**What needs to be done:** From the line that contains "Gigi PNG, PNG" through the line that contains "关于2023酉阳县城建实业债权资产1号的信息", output every line of the listing below exactly and leave out all the rest.

**Extracted data:**
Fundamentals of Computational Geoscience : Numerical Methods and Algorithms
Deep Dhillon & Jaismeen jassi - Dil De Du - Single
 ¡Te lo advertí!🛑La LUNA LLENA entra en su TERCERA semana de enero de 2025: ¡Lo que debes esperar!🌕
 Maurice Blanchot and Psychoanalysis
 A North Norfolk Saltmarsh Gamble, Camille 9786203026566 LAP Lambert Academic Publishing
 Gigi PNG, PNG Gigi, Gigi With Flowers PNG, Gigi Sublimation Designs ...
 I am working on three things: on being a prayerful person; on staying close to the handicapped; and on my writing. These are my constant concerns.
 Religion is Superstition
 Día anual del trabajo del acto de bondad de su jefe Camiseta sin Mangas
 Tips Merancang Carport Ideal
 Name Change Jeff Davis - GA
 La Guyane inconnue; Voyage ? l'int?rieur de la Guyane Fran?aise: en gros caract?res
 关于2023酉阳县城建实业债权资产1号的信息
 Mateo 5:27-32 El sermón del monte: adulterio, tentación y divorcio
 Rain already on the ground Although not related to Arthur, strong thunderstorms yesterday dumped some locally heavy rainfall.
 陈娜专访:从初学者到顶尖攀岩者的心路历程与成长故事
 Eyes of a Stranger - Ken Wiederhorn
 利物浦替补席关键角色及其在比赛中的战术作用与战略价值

**Exercise answer:**
 Gigi PNG, PNG Gigi, Gigi With Flowers PNG, Gigi Sublimation Designs ...
 I am working on three things: on being a prayerful person; on staying close to the handicapped; and on my writing. These are my constant concerns.
 Religion is Superstition
 Día anual del trabajo del acto de bondad de su jefe Camiseta sin Mangas
 Tips Merancang Carport Ideal
 Name Change Jeff Davis - GA
 La Guyane inconnue; Voyage ? l'int?rieur de la Guyane Fran?aise: en gros caract?res
 关于2023酉阳县城建实业债权资产1号的信息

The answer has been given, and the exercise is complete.